_EXERCISE AIM:_ The line that contains "If you ever" marks the start. Please set it down, with every later line of the data, exactly and without pictures.

── RECORDS SHOWN ──

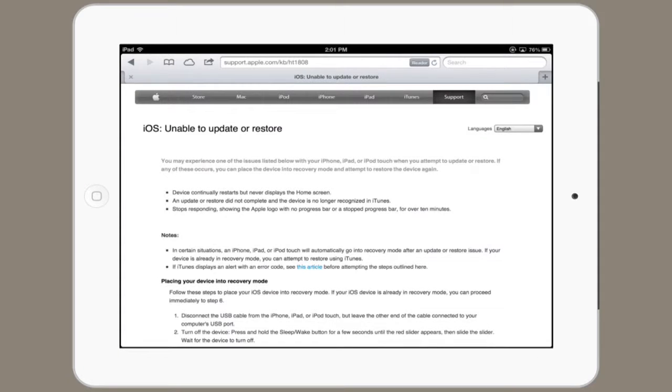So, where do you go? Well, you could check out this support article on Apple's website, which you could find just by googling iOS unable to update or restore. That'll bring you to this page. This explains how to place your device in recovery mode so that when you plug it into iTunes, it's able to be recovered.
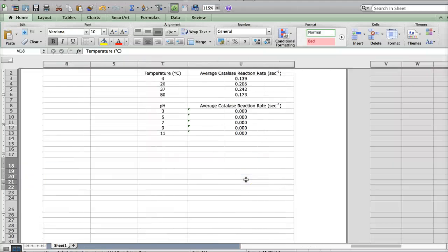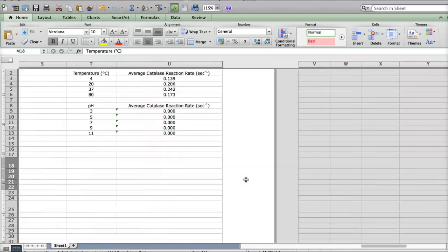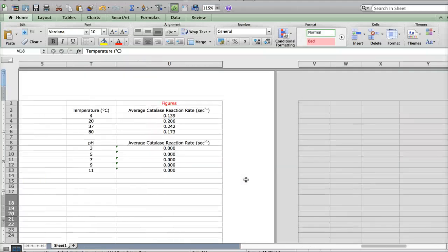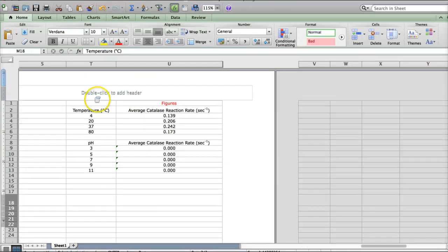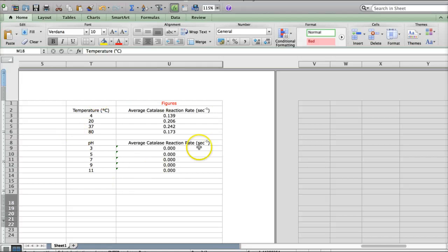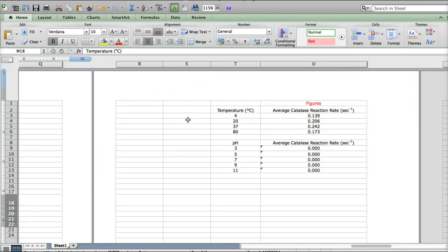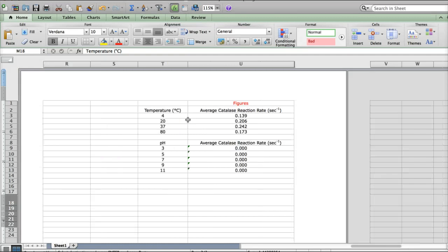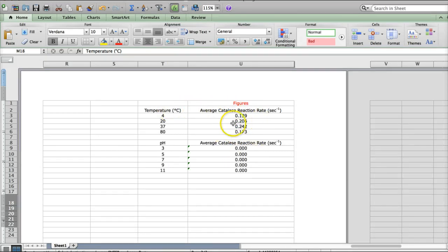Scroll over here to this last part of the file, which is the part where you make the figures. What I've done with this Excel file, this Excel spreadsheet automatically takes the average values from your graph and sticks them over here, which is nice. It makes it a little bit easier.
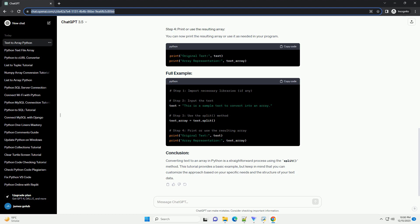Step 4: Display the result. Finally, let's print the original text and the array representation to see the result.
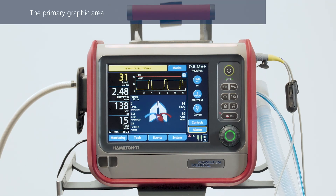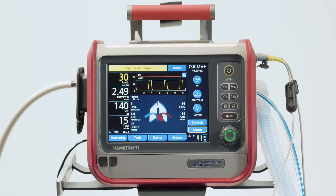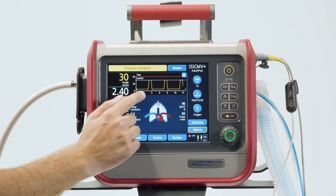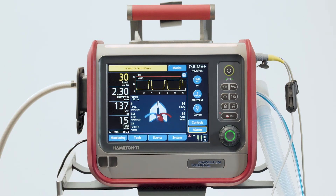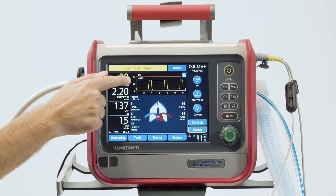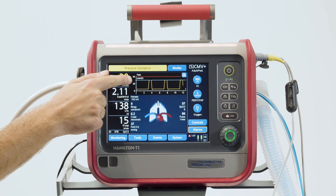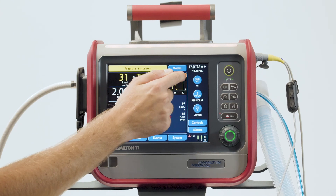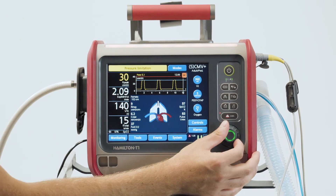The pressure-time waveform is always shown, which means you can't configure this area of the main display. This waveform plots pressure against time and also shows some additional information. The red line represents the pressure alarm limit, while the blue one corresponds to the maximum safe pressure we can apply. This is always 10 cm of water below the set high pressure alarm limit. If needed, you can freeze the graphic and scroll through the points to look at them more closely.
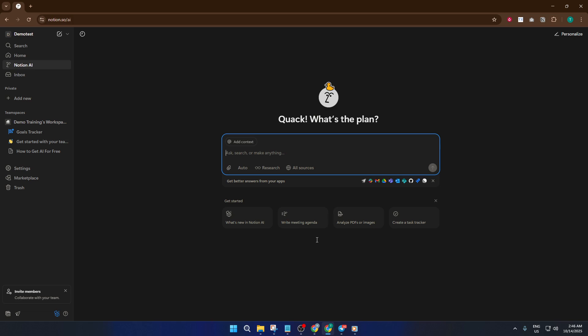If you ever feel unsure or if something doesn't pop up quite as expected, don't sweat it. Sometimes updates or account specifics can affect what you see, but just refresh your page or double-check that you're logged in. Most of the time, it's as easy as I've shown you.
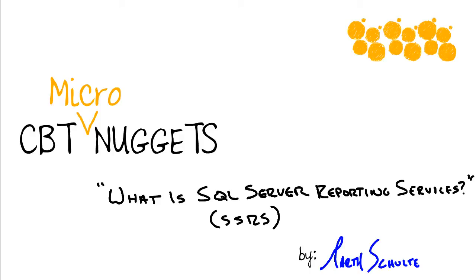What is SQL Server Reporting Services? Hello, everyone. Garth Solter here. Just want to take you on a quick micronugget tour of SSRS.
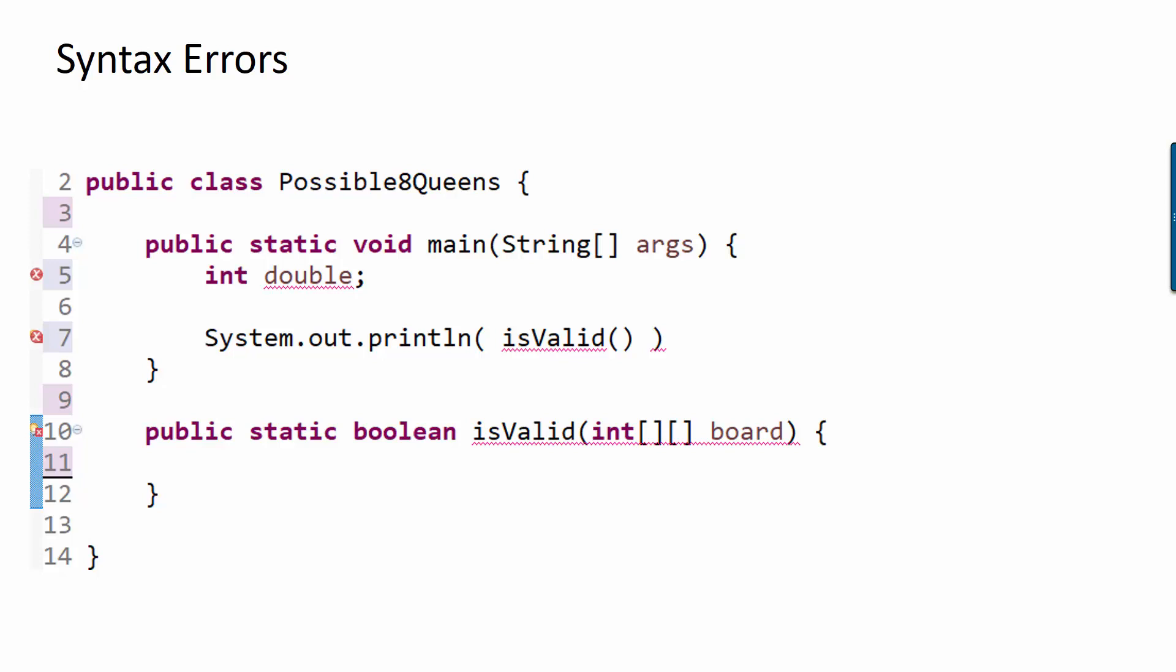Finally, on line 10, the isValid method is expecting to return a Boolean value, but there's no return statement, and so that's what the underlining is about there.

───

_WRITTEN SOLUTION:_
If you ever feel unsure or if something doesn't pop up quite as expected, don't sweat it. Sometimes updates or account specifics can affect what you see, but just refresh your page or double-check that you're logged in. Most of the time, it's as easy as I've shown you.
What is SQL Server Reporting Services? Hello, everyone. Garth Solter here. Just want to take you on a quick micronugget tour of SSRS.
Finally, on line 10, the isValid method is expecting to return a Boolean value, but there's no return statement, and so that's what the underlining is about there.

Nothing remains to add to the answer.